SMRs and AMRs

Friday, June 15, 2007

Experts Advise on Combating Radicalization

By NEIL MacFARQUHAR
New York Times

While the United States has expended enormous effort in fighting terrorists in Iraq and Afghanistan, it has neglected the fight for the hearts and minds of young radicals in Internet chat rooms and other places where they cluster, experts on radicalization told a House panel yesterday.

“Unless we can impede radicalization and recruitment, then we are condemned to a strategy of stepping on cockroaches one at a time,” Brian M. Jenkins, a terrorism expert from the Rand Corporation, told the House Subcommittee on Intelligence, Information Sharing and Terrorism Risk Assessment

The subcommittee and the Senate Homeland Security and Governmental Affairs Committee have held recent hearings on the possible threat from “homegrown” radicals.
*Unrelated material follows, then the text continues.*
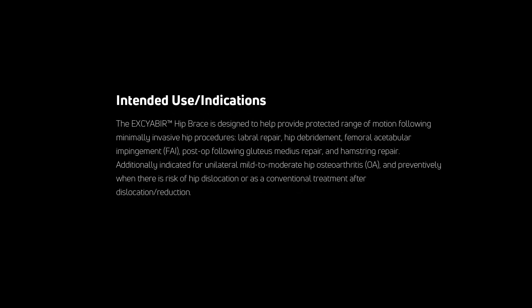The Xsaber Hip Brace can be configured to help provide protected range of motion to the hip following minimally invasive hip procedures, or offloading for patients with mild to moderate hip osteoarthritis. The Xsaber Hip Brace combines the latest in DonJoy technology post-operative care with its patented rotation strap, easy range of motion settings, and a comfortable wraparound design.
The general conclusion has been that although such a threat exists, it is small, especially when compared with Europe, because assimilation works so much better here.

Individual sessions have covered the possibility of terror cells forming in prisons, considered a ripe environment with little concrete activity, and countering the vision of extremists who use Islam to convince the young that suicide bombings are the righteous path to a better world.

“We have to stop attacking only the structure and start attacking their strategy,” the director of the Homeland Security Policy Institute at George Washington University, Frank J. Cilluffo, said.